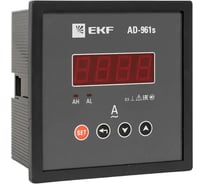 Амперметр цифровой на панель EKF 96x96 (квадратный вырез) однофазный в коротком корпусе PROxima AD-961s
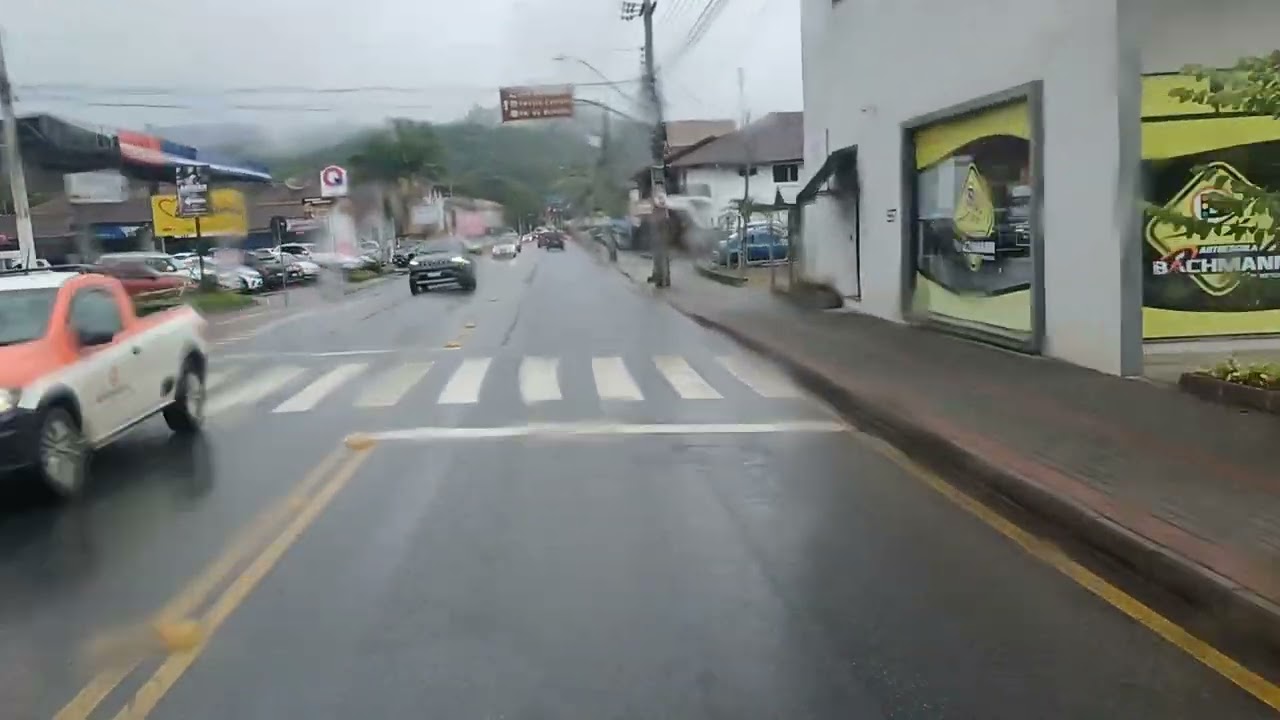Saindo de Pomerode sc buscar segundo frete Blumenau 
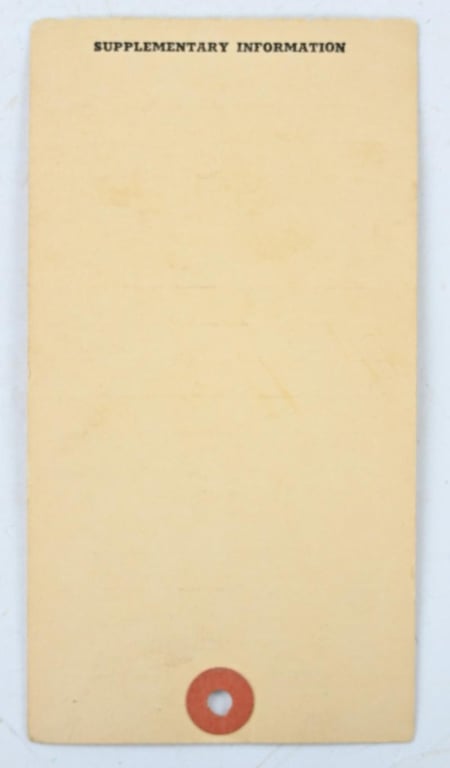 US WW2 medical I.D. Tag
-.-.-
- [What is needed]:
Exactly as written, return each line above and leave the pictures behind.

- [Exercise response]:
 Амперметр цифровой на панель EKF 96x96 (квадратный вырез) однофазный в коротком корпусе PROxima AD-961s
Saindo de Pomerode sc buscar segundo frete Blumenau 
 US WW2 medical I.D. Tag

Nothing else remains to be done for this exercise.